この映画「5つの銅貨」は、良質のホームドラマであり、コメディであり、おまけにデキシーを中心とした軽快なジャズのナンバーが存分に楽しめる伝記映画の傑作だ。
ニューオリンズからニューヨークに出て来たレッド・ニコルズ(ダニー・ケイ)は、デキシーランド・ジャズ調でコルネットを吹こうとし、あちこちでトラブルが続出する。
ダブル・デートで知り合ったボビー(バーバラ・ベル・ゲデス)と恋仲になり、結婚したが仕事は次々とクビになり、生活は火の車状態。そこで、知り合いのグレン・ミラーらとバンドを結成、自作の曲をレコーディングするや大ヒットとなり、全米巡業におおわらわとなるのだった——。
この映画は、グレン・ミラーやジミー・ドーシー、アーチー・ショウなどの大物をメンバーにしたがえたバンドのリーダーで、名コルチネット奏者のレッド・ニコルズの半生を描いた感動の実話だが、ダニー・ケイがニコルズを演じることで、笑わせて泣かせる”松竹新喜劇”みたいなバラエティに富んだ名作に仕上がっていると思う。
まず、この映画は出だしからして、実にいい。
田舎出のニコルズが、友人(ハリー・ガーディノ)に誘われダブルデートと洒落込むが、相手の女ボビーは、彼を馬鹿にしてからかうのだった。
酒をがんがん注ぎ、へべれけになったニコルズは、トイレでゲーッ。ところが、これからがカッコいい。
コルネットを口に当て、リパブリック賛歌を素晴らしくゴキゲンに吹き始めるのだ。
ステージのサッチモも思わず聞き惚れる、この場面。
さらには、ナイトクラブでサッチモとやる”聖者の行進”のセッション。ジャズ・ファンならずとも、この二つのシーンには圧倒的に魅了されること請け合いだ。
さらにゴキゲンなのは、ダニー・ケイ、バーバラ・ベル・ゲデス、ハリー・ガーディノの三人で踊る”Follow the leader”。振付けの中で”私がリーダーよ”と手を回すベル・ゲデスが、実にチャーミングで素晴らしい。
目が細く庶民的な感じがする彼女が、劇中で称される”友人夫婦”タイプぴったりの、若々しさや優しさに満ちて好演していると思う。

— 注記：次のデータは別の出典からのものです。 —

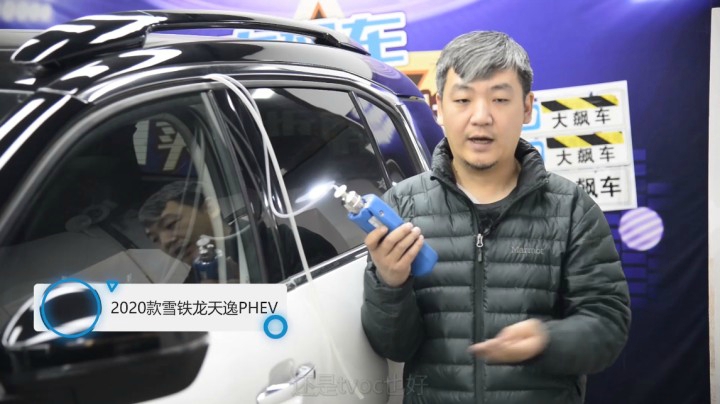 不妥协不迎合，给你的都是好玩意儿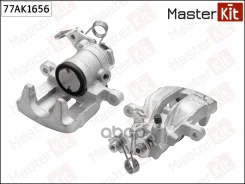 ������� ��������� ������ ����� VW Sharan/FORD Galaxy [178Masterkit77AK1656] 77AK1656 ����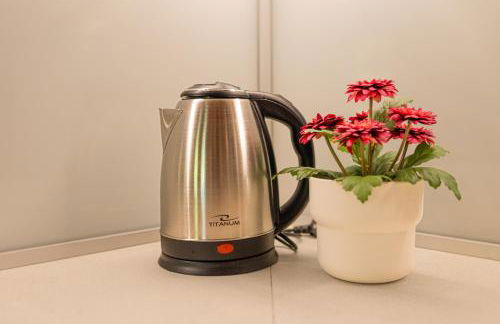 Casa di Giulia-ProseccoHills - Foto 34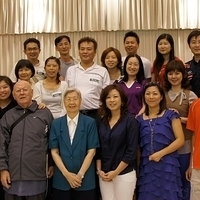 2011.10.22-488.JPG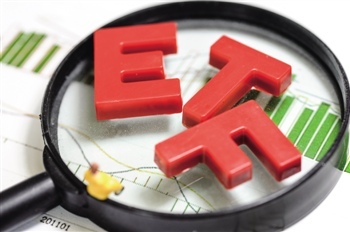 ETF有哪些投资策略？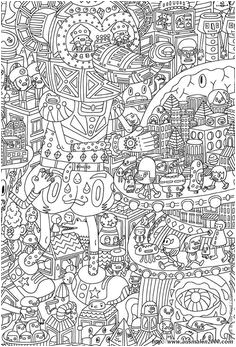 Coloriage De Mandala Compliqué Die 49 Besten Bilder Von Ausmalbilder Ich Mag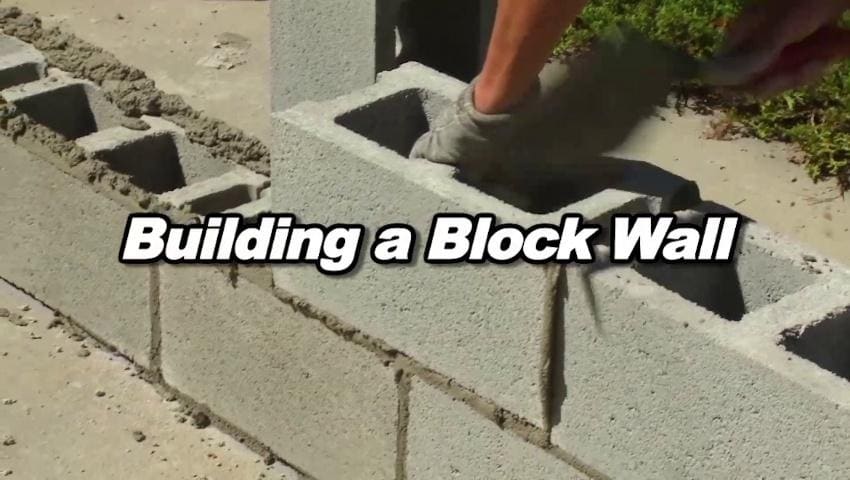 A thumbnail for the video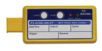 FlashLink® CT -80��C  ����ӛ䛃x,��̖:20764,Ʒ��:����DeltaTRAK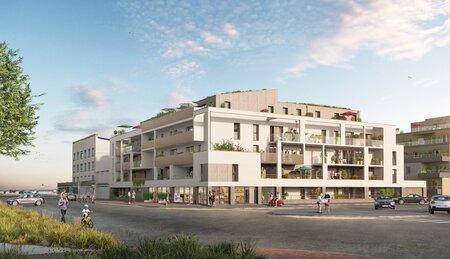 image programme Vents d'Opale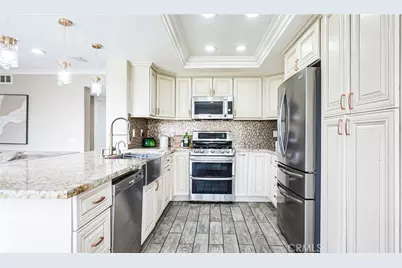 20 Monte Diablo, Pomona, CA 91766 - Photo 7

ケイは、というと、彼お得意の物真似や音楽コントでバッチリ笑わせてくれる。特に”泣き虫小僧”の演じ分けには、彼のエンターテイナーとしての神髄を見ることができる。
娘が小児麻痺になり、音楽を絶つべくコルネットを川に捨てる中盤から、シリアスなホームドラマに変わっていく。
そしてラスト——これはもう涙なくしては観られない。きっと、”This little penny—-“という主題歌が耳から離れなくなるはずだから。